Ancora, «l’Europa ritrova speranza quando non si chiude nella paura di false sicurezze». «La sua identità è, ed è sempre stata, un’identità dinamica e multiculturale», fa rilevare Francesco: «Non ci si può limitare a gestire la grave crisi migratoria di questi anni come fosse solo un problema numerico, economico o di sicurezza. La questione migratoria pone una domanda più profonda, che è anzitutto culturale. Quale cultura propone l’Europa oggi? La paura che spesso si avverte trova, infatti, nella perdita d’ideali la sua causa più radicale. Senza una vera prospettiva ideale si finisce per essere dominati dal timore che l’altro ci strappi dalle abitudini consolidate, ci privi dei confort acquisiti, metta in qualche modo in discussione uno stile di vita fatto troppo spesso solo di benessere materiale. Al contrario, la ricchezza dell’Europa è sempre stata la sua apertura spirituale e la capacità di porsi domande fondamentali sul senso dell’esistenza. All’apertura verso il senso dell’eterno è corrisposta anche un’apertura positiva, anche se non priva di tensioni e di errori, verso il mondo. Il benessere acquisito sembra invece averle tarpato le ali, e fatto abbassare lo sguardo.

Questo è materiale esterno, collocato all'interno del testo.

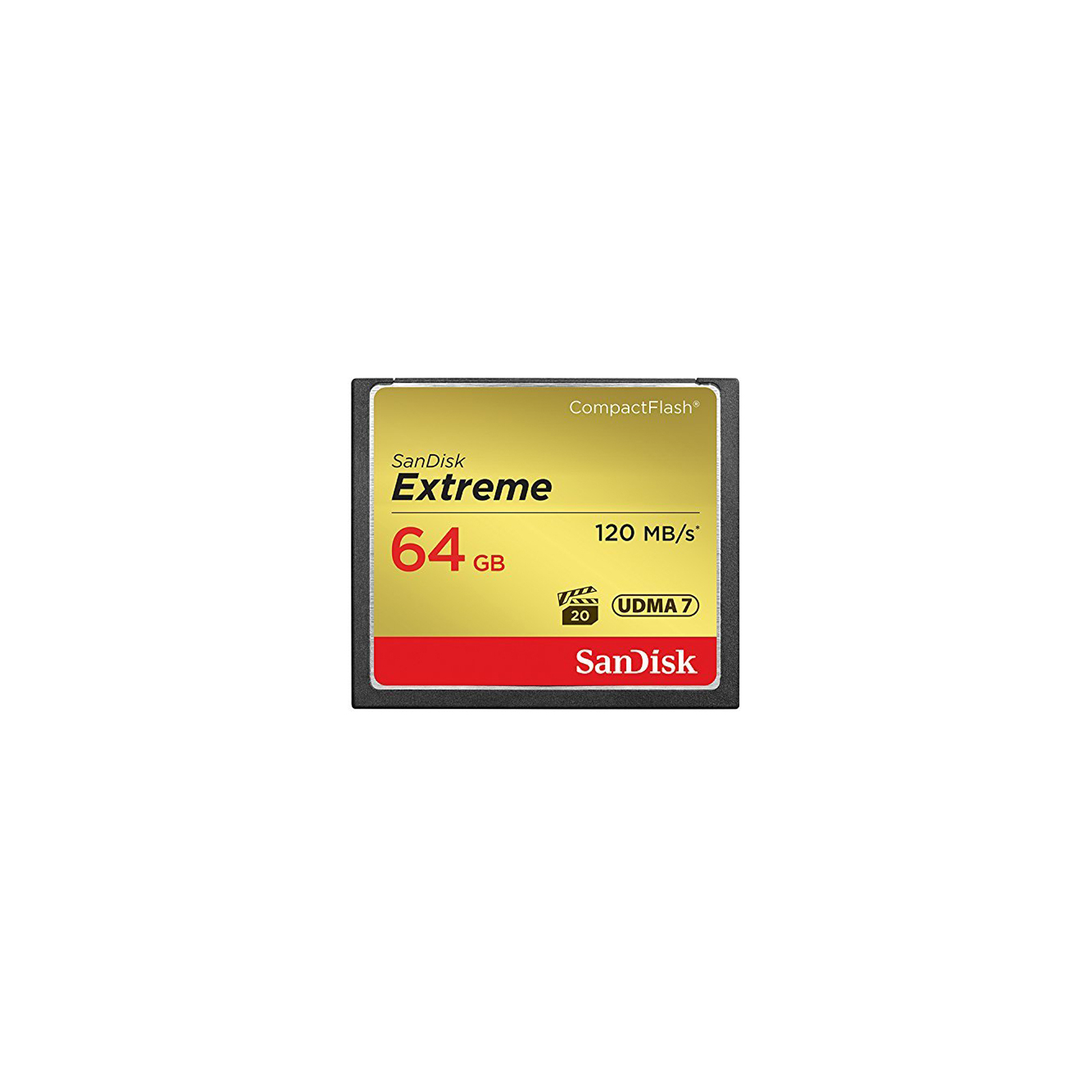 Карта пам'яті SanDisk 64Gb Compact Flash Extreme (SDCFXSB-064G-G46)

L’Europa ha un patrimonio ideale e spirituale unico al mondo che merita di essere riproposto con passione e rinnovata freschezza e che è il miglior rimedio contro il vuoto di valori del nostro tempo, fertile terreno per ogni forma di estremismo. Sono questi gli ideali che hanno reso Europa quella “penisola dell’Asia” che dagli Urali giunge all’Atlantico».
«Dagli Urali all’Atlantico»: l’Europa ritrova la speranza – in continuità con uno dei temi più cari a Giovanni Paolo II – quando non creiamo mitologie di odio e divisione, ma riconosciamo l’unità da cui siamo nati e che ci costituisce, l’ecumenismo reale in cui si radica ogni altro valore di solidarietà e cooperazione.